Wash the walls with TSP in warm water. Then rinse pass. 

I had tenants once paint without washing and forever the paint will chip off with a bump or tape application to hold the kid's art on the wall. The paint is neither on, nor will it systematically come off. The only real fix is to replace the drywall. Or sell the house:sneakiness:

hboy54


----------



## OnlyMyOpinion (Sep 1, 2013)

hboy54 said:


> ... I had tenants once paint without washing and forever the paint will chip off with a bump or tape application to hold the kid's art on the wall. The paint is neither on, nor will it systematically come off. The only real fix is to replace the drywall.
> hboy54


Sounds like it might a case of latex over alkyd without proper prep/proper latex?


----------



## hboy54 (Sep 16, 2016)

OnlyMyOpinion said:


> Sounds like it might a case of latex over alkyd without proper prep/proper latex?


That is a possibility too. I do not know what they used or the rules for different chemistries. And when I did wash the walls after they left, the water was a nicotine yellow.

Hboy54


----------



## Just a Guy (Mar 27, 2012)

Could probably be fixed with a proper cleaning and a new coat of primer.


----------



## OnlyMyOpinion (Sep 1, 2013)

hboy54 said:


> ... when I did wash the walls after they left, the water was a nicotine yellow.
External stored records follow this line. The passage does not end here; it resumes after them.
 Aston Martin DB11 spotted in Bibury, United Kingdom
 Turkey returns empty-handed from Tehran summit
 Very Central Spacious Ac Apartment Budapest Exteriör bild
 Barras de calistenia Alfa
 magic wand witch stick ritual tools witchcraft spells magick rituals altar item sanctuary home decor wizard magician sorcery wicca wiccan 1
Hboy54


I had a rental like that once too. Yikes! Seeing that filthy sponge and water really made you appreciate what must have gone into their lungs. And this wasn't from cooking, it was in the bedroom and bathroom (along with the butts).


----------



## welsh-investor (Jan 5, 2017)

I have used Benjamin Moore for years. I would recommend applying neutral colours in case you decide to sell in the near future. I know from personal experience, buyers can be turned off by a single poorly placed colour.


----------



## digitalatlas (Jun 6, 2015)

thanks, everyone, for your suggestions. 

How do you wash the walls, what's TSP? This is good, useful information for my rental.
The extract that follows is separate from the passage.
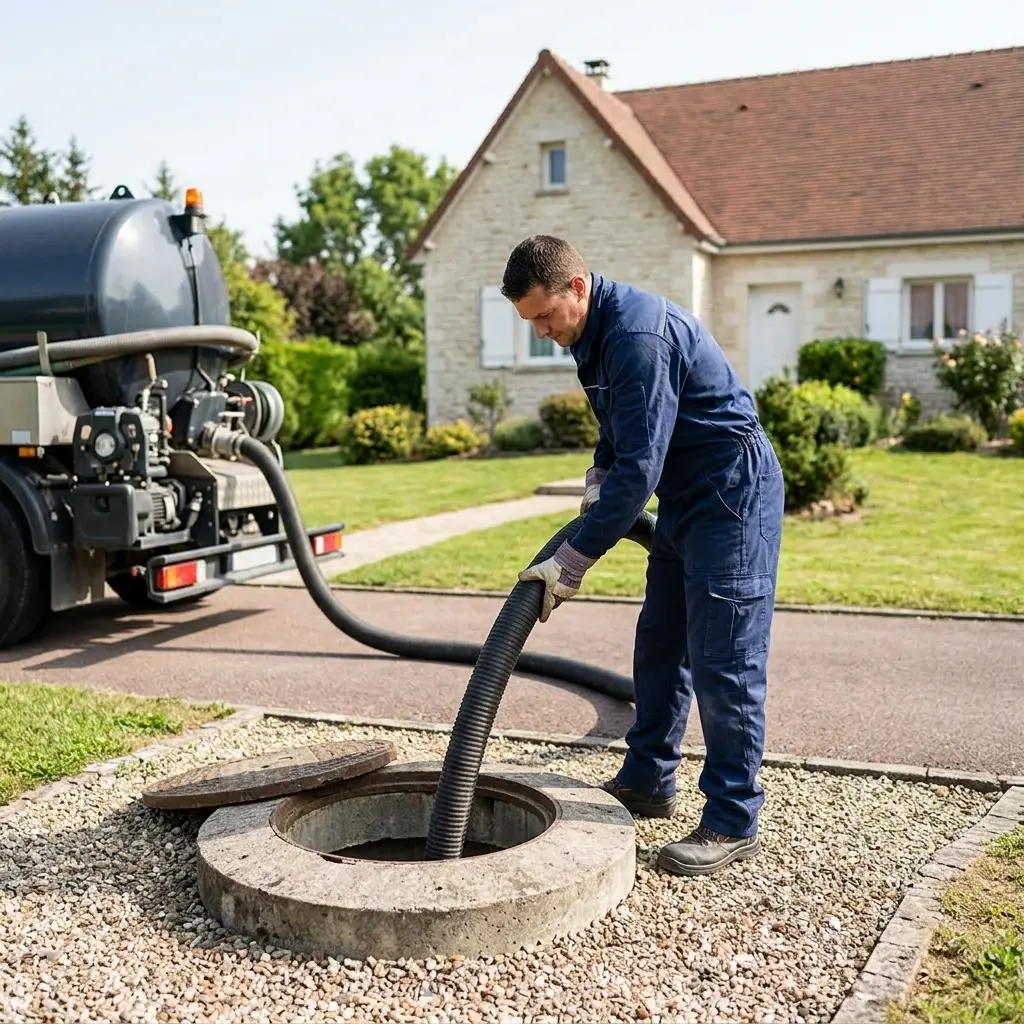 Vidange Fosse Septique Nonville (77140)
Also, I was actually soliciting thoughts about paint for my personal residence in my original post. It seems like good thoughts about Benjamin Moore all around, the highest Aura and second highest Regal Select seems to be about high $70s to low $80s per gallon. With the 30% off of Sherwin Williams right now, the highest end Emerald is only $56 a gallon.
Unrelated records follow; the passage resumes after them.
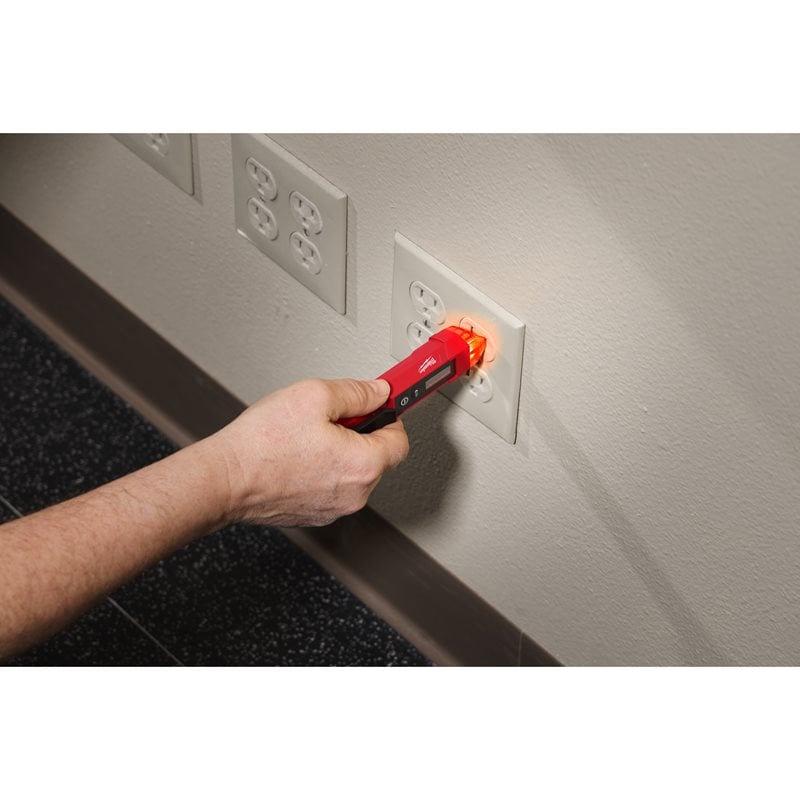 Milwaukee Bezkontaktní detektor napětí s laserovým teploměrem 12 -1000 V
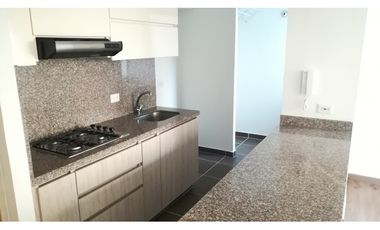 Cajicá, Viantt, 53 M2, 2 alcobas, Zona verde privada 8 M2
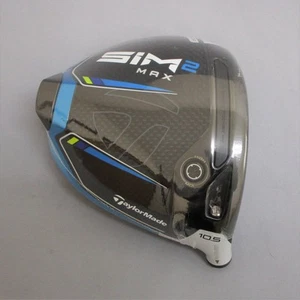 TaylorMade SIM2 MAX Driver Head 10.5° US Spec New Top Mint JAPAN - Picture 1 of 2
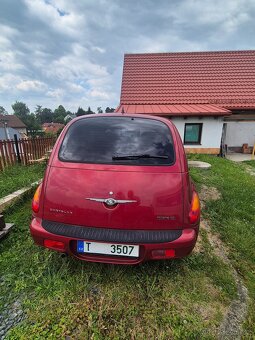 Chrysler PT Cruiser, 1.6 , 85kW, r.v.04,webasto, tažné - 3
I measured everything and have about under 3,800 sq ft to cover, but I'll need a few different colours so there will be some cans that won't be all used up. Coverage seems to be about 350-400 sq ft per gallon for most cans I've seen.

Is BM worth the extra cost? Anyone used both?


----------



## Just a Guy (Mar 27, 2012)

Wouldn't bother with Benjamin Moore for a rental. As I said, sherwin Williams breeze eggshell and HP2000 semi gloss is what I use in my rentals.

With a rental, you're reprinting much more often.

TSP wash the walls, don't forget to rinse.


----------



## hboy54 (Sep 16, 2016)

TSP is trisodium phosphate. Usually in a box about the size of a 1 litre milk container for under $10. Find it at any hardware store, Canadian Tire etc.


----------



## birdman (Feb 12, 2013)

My wife is the painter (I'm not allowed!) but while she likes Benjamin Moore she feels it is over priced and prefers Behr.


----------



## Daniel A. (Mar 20, 2011)

The best would be either Benjamin Moore or Behr, to avoid the shine use a Satin finish.


----------



## VLT (Jan 1, 2017)

Ha! A question that I can answer. I'm a professional Interior Designer and have been specking paint for decades. If this is for your own home, here's my advise. 

Paint: You can't go wrong with Benjamin Moore or Pratt and Lambert. It's important to buy from the actual dealer and get their top stuff. I've been using Benjamin Moore, Regal Select.

(Exception: The colour yellow, BM doesn't have good yellows)

Painters: Be careful and get them to show you their purchase receipts because they usually buy paint at a deep discount wherever they have an account and match the BM-colour. They will insist that the quality is as good or better, trust me, it's not! (contractors lie) Also, watch out for stores like Canadian Tire that have Benjamin Moore colours but the paint is an inferior product. 

Again, if you want quality go to the dealer, listen to their advise and pay the price. With paint, we absolutely get what we pay for. 

Finishes: Be careful because paint companies use different names for the same finish so you need to review their samples. Using Benjamin Moore as an example, most people like a flatter look so eggshell is a good choice. 
For average homes (not historic) I prefer a bit more sheen and durability and use the Pearl finish on the walls and the baseboards. It saves labour.


----------



## Spudd (Oct 11, 2011)

VLT said:


> For average homes (not historic) I prefer a bit more sheen and durability and use the Pearl finish on the walls and the baseboards. It saves labour.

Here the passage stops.